I Am Amelia Earhart
- Author: Brad Meltzer
- Illustrator: Chris Eliopoulos
- Language: English
- Series: Ordinary People Change the World
- Genre: Children's Book
- Publisher: Dial Books for Young Readers, an imprint of Penguin Group (USA) Inc.
- Publication date: 2014
- Publication place: United States
- Media type: Print (Hardback)
- Pages: 40 pp
- ISBN: 9780803740822
- OCLC: 843124156

= I Am Amelia Earhart =

2014 children's book by Brad Meltzer

I Am Amelia Earhart is a 2014 children's book written by Brad Meltzer in the "Ordinary People Change the World" series. It follows the adventures of a young Amelia Earhart learning important lessons.

==Plot synopsis==
The book features a young Amelia Earhart, before she became the first female aviator to fly solo across the Atlantic Ocean.
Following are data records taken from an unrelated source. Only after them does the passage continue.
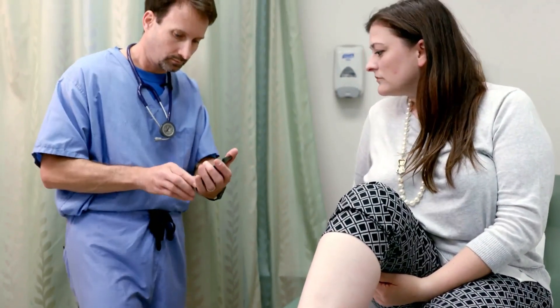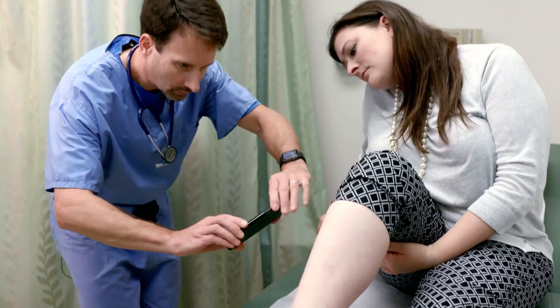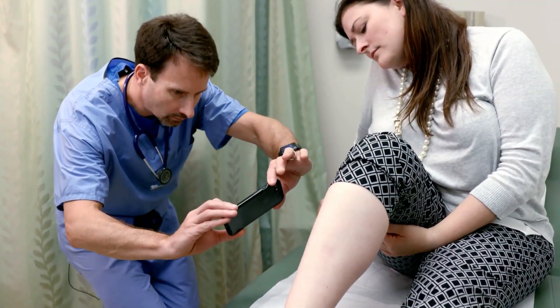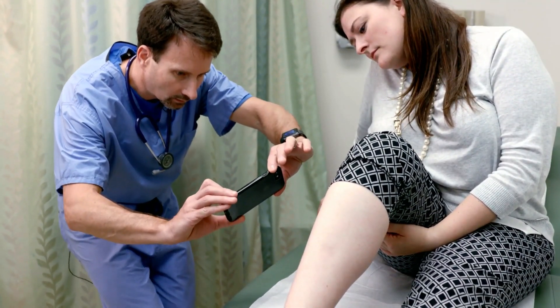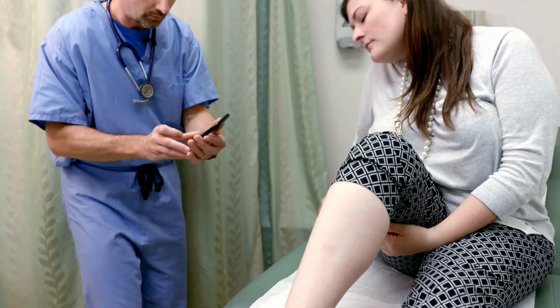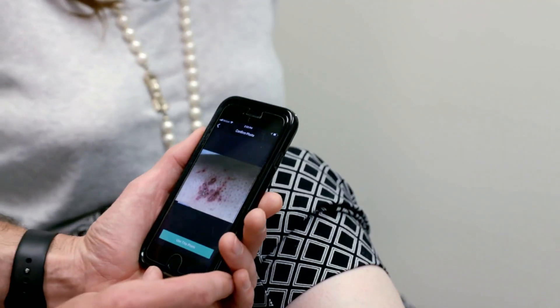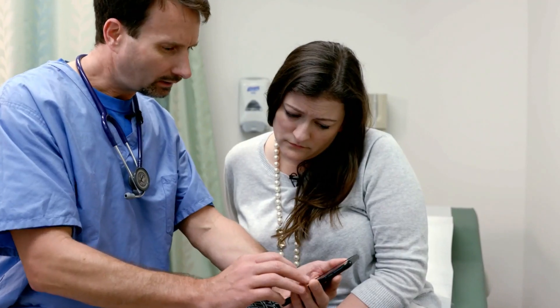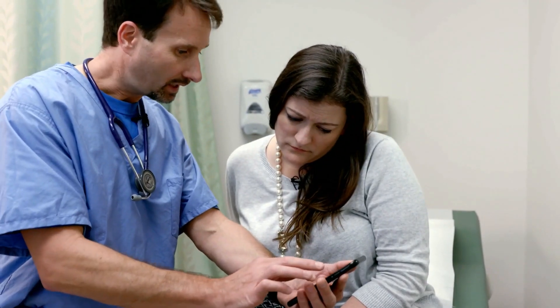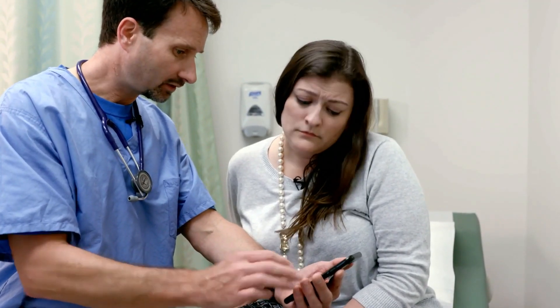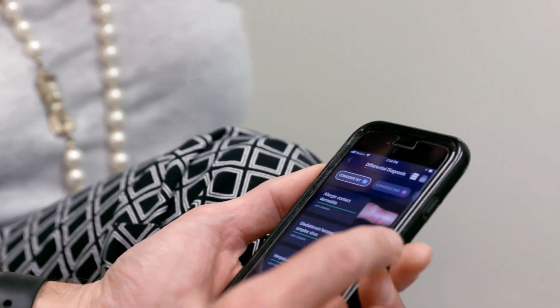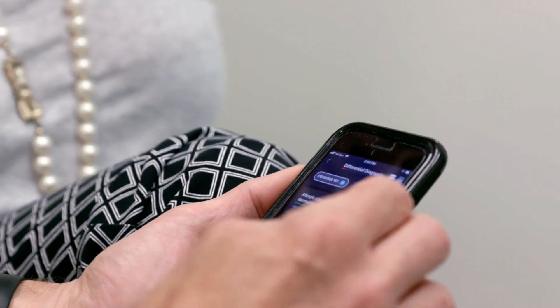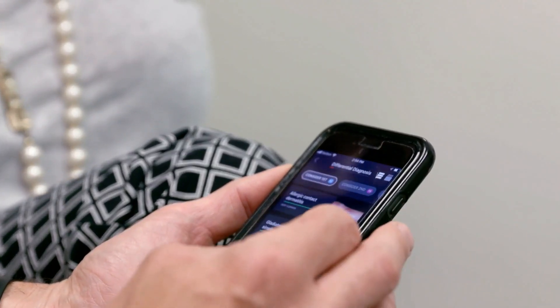Welcome to VisualDx Plus DermExpert — improving clinical decision-making one picture at a time. With DermExpert, you can take a picture of your patient's skin complaint and quickly get to an appropriate differential.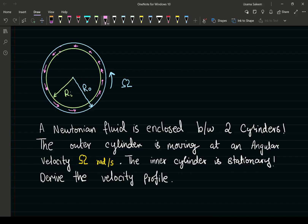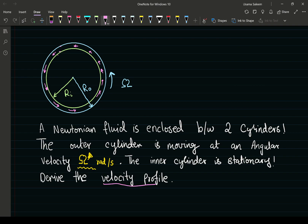Welcome back everyone. In this video we're going to go over another fluid mechanics problem — another momentum transfer problem. We have two cylinders with fluid enclosed between them, and this is an application in lubrication of shafts. The outer cylinder is rotating at an angular velocity omega, the inner cylinder is stationary, and we have to derive the velocity profile. Once we have the velocity profile we can do a lot of things.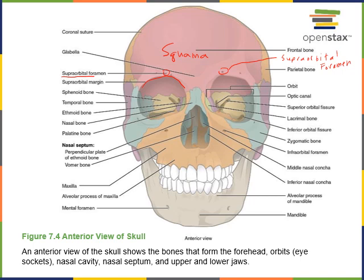There is also a zygomatic process of the frontal bone. The zygomatic process gets its name from the fact that it forms a suture — an immovable joint — with the zygomatic bone, one of the 14 facial bones. The zygomatic process of the frontal bone extends down from the supraorbital margin, forming the superior lateral margin of the orbit.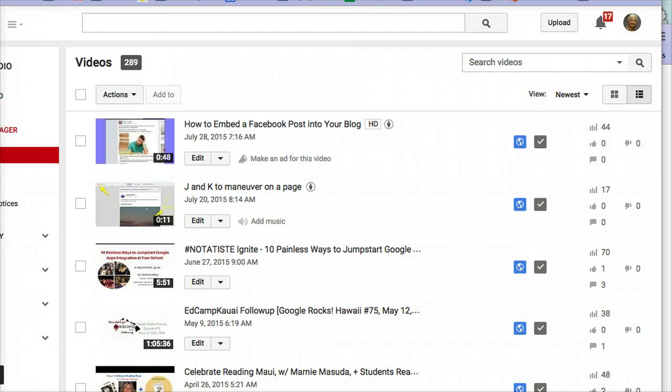Do views of YouTube videos embedded in a blog post register on the YouTube Viewing Statistics page? Let's test it.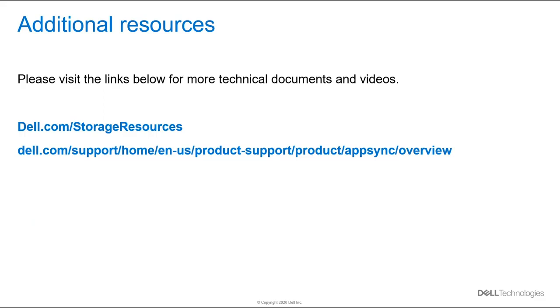Thanks very much for watching today's demonstration of Dell EMC AppSync and PowerStore integration. Please visit the links below for more technical documentation and videos.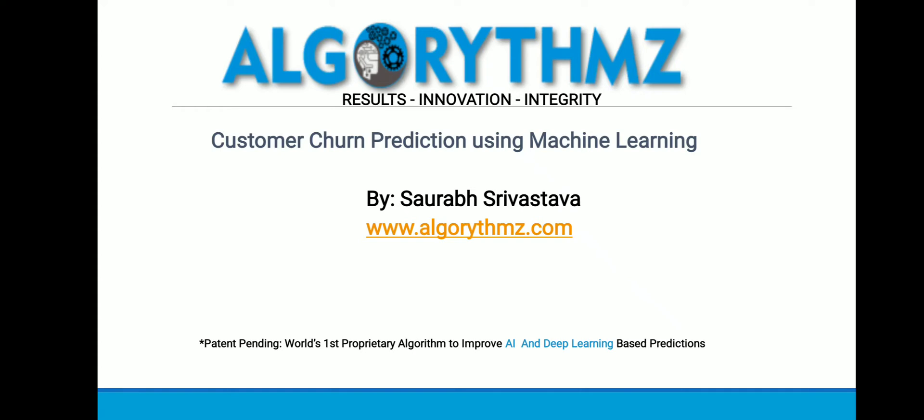Hello, welcome to Algorythmz. My name is Saurabh, and today we are going to discuss customer churn prediction using machine learning algorithms on Azure platform. We know that customer retention is one of the primary growth pillars for products with a subscription-based business model.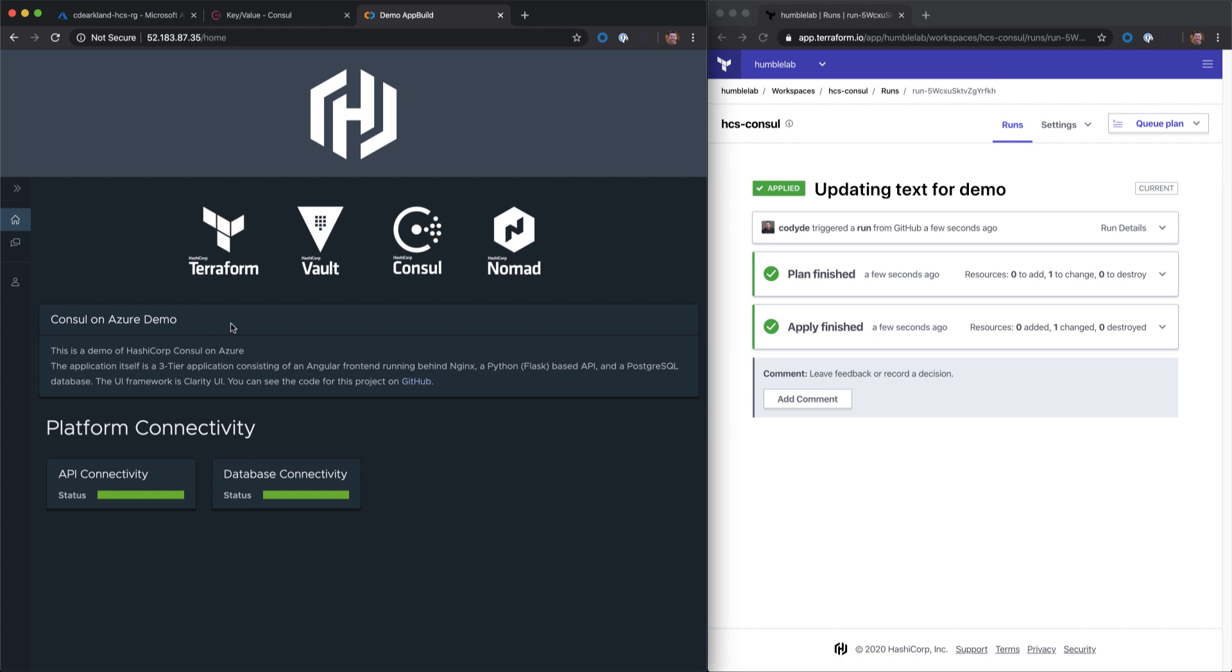Hope you enjoyed this demo. Stay tuned for more exciting features as we continue to grow the HashiCorp Consul Service on Azure. Have a good day.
As a child, young Amelia Earhart built a makeshift roller coaster in her backyard, using planks of wood and a wooden crate. She crashed. It was loud. It was noisy. It was the first time she flew, but it would not be her last. This experience teaches her that not to accept the limits others, society, and even gravity place on her.

==Inspiration==
The idea for the "Ordinary People Change the World" series came to Meltzer as he was shopping for his young daughter. All he saw in the racks were T-shirts with princesses and loud mouth athletes. Meltzer wanted to give his daughter real heroes, ordinary people who stood up for what is right and changed the world. Together with award-winning comics artist Chris Eliopoulos, Meltzer created the "Ordinary People Change the World" children's book series. Each book features the story of a hero when they were a child. The publisher has ordered 12 books in the series.

==Reception==
Kirkus Reviews found "The ever-popular pioneering female pilot gets a breezy and very incomplete biography." while Publishers Weekly call it an "entertaining and inspiring primer, though source notes are absent."

==Press==
With the recent launch of I Am Rosa Parks, all three books in the "Ordinary People Change the World" series appeared simultaneously on the New York Times Bestseller List: I Am Rosa Parks at #2; I Am Abraham Lincoln at #6; and I Am Amelia Earhart at #8.

Meltzer was featured on many morning news shows to discuss the books, including CBS This Morning.